[Image-text web data]
================================

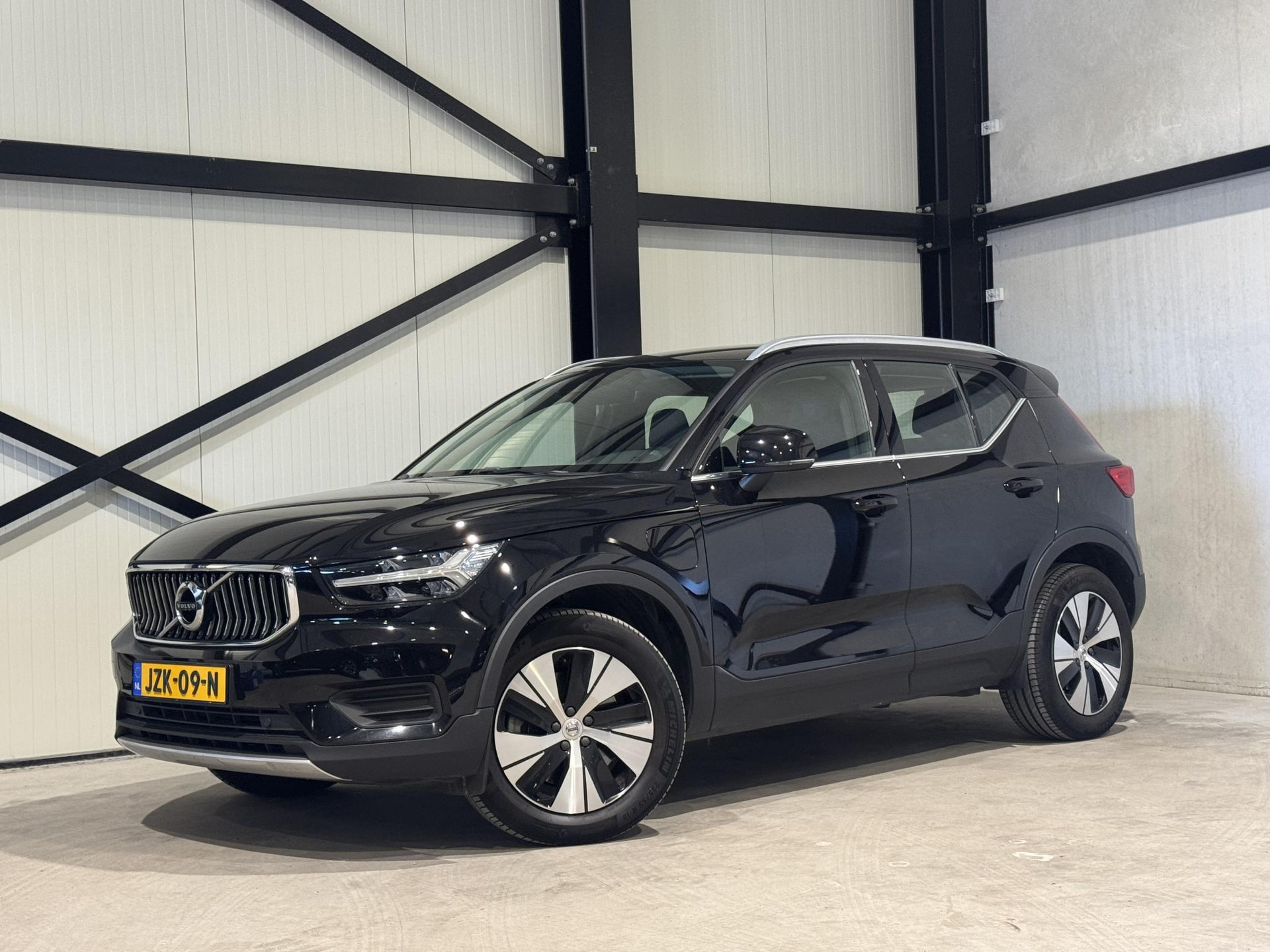 Volvo XC40 1.5 T4 Recharge Inscription Expression JZK09N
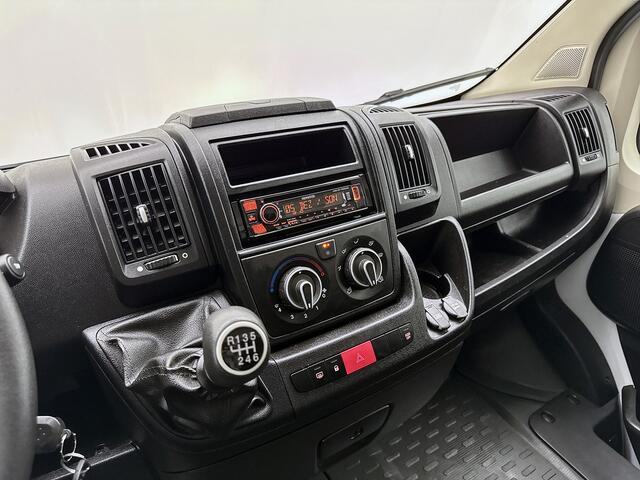 Opel MOVANO 2.2D 140pk Bakwagen met Laadklep Cruise Control Meubelbak Airco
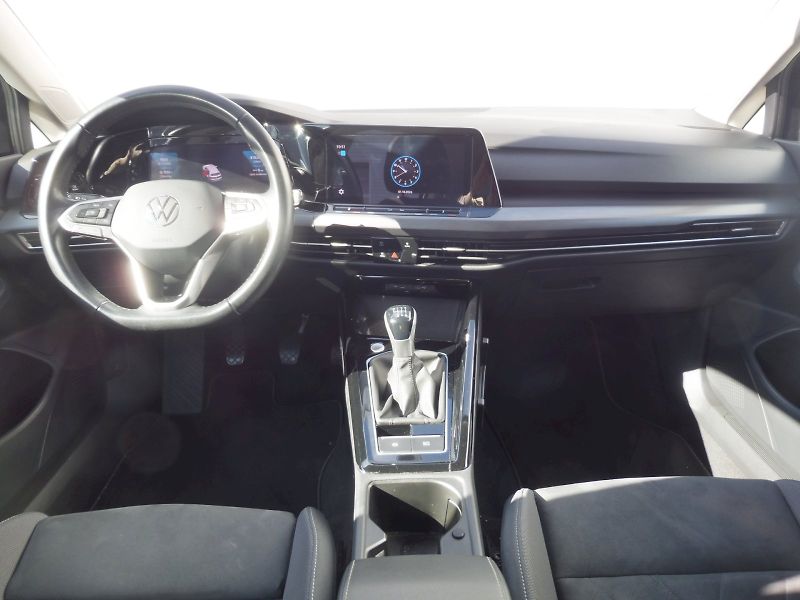 Volkswagen Golf (2024) Style 1,5 TSI 96kW - fotka 5 z 26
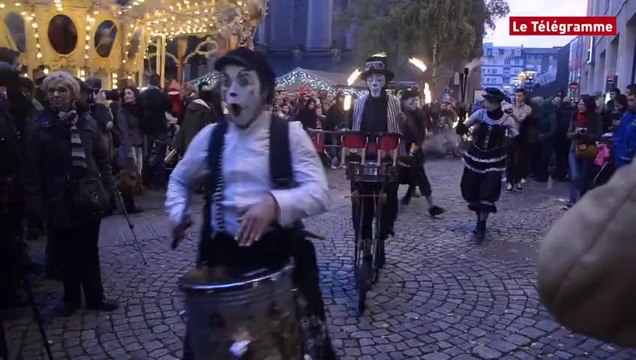 Saint-Brieuc. Les dompteurs de feu enflamment les rues du centre-ville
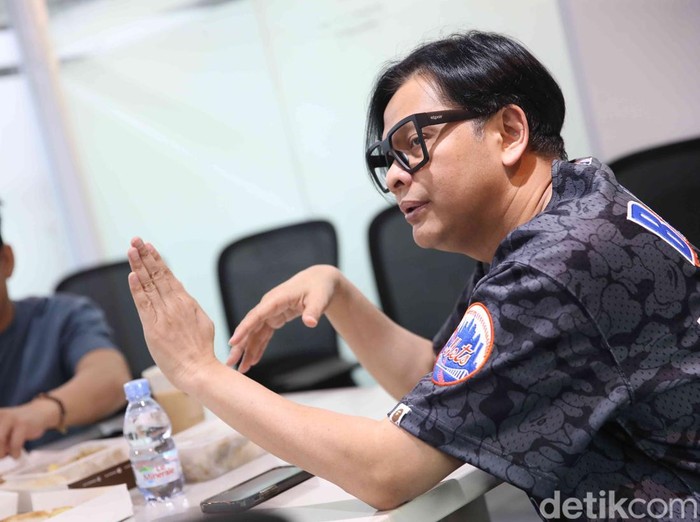 Ariel Noah dan Armand Maulana ke kantor detikcom Jakarta, Kamis (3/7/2024).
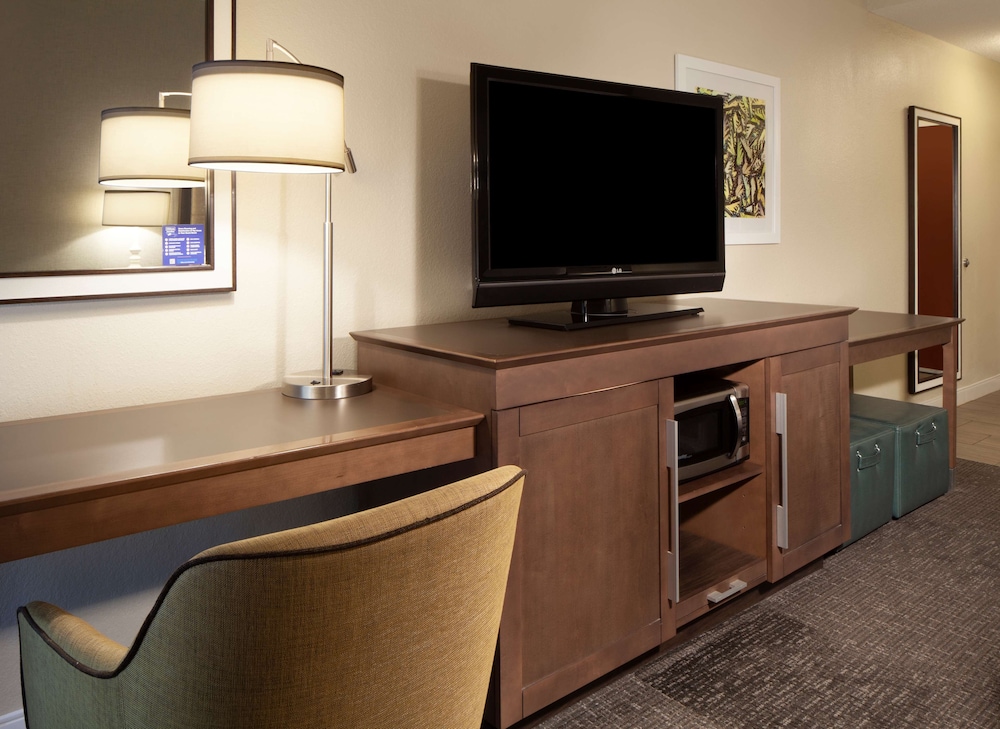 Hampton Inn Lawrenceville - photo 14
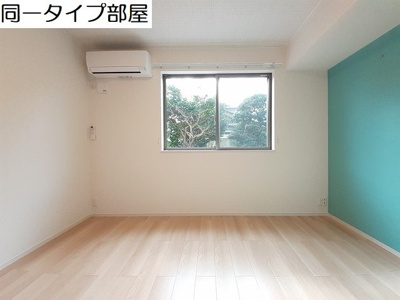 【内装】 | リヴァフォース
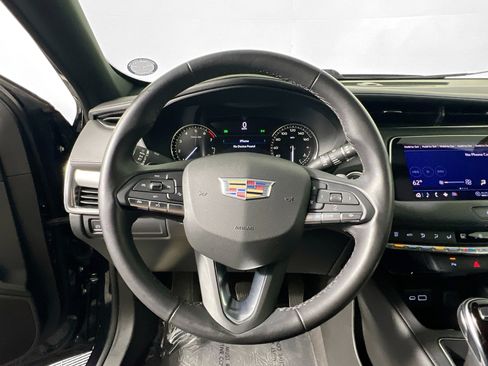 Used 2023 Cadillac XT4 Premium Luxury FWD image 17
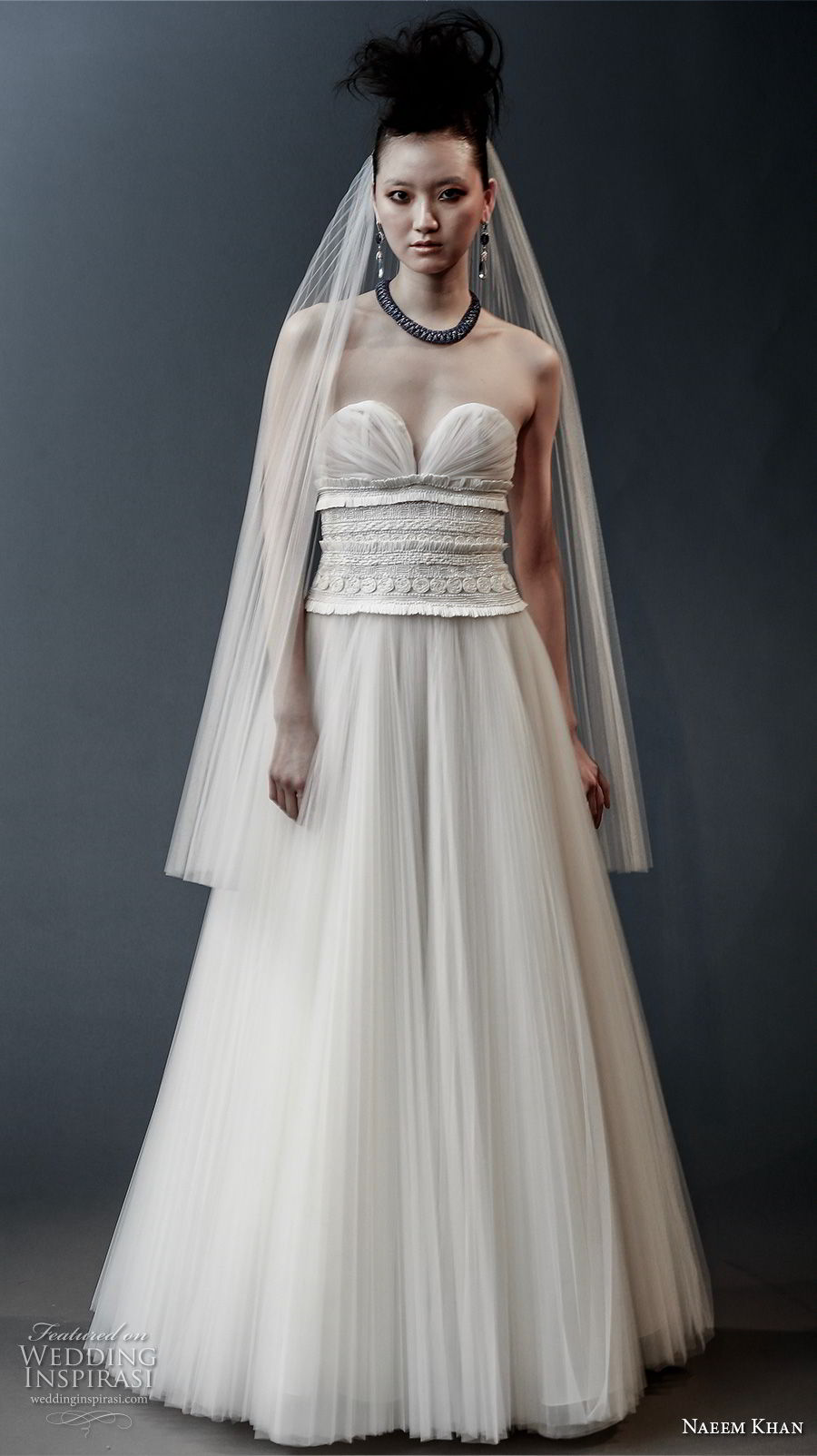 naeem khan spring 2019 bridal strapless sweetheart neckline heavily embellished bodice romantic a  line wedding dress sweep train (2) mv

================================

▶ TASK OBJECTIVE
Reproduce nothing but the lines from the line containing "Ariel Noah dan" through the last line of the data above, exactly as written and without pictures.

▶ RESULT BELOW
 Ariel Noah dan Armand Maulana ke kantor detikcom Jakarta, Kamis (3/7/2024).
 Hampton Inn Lawrenceville - photo 14
 【内装】 | リヴァフォース
 Used 2023 Cadillac XT4 Premium Luxury FWD image 17
 naeem khan spring 2019 bridal strapless sweetheart neckline heavily embellished bodice romantic a  line wedding dress sweep train (2) mv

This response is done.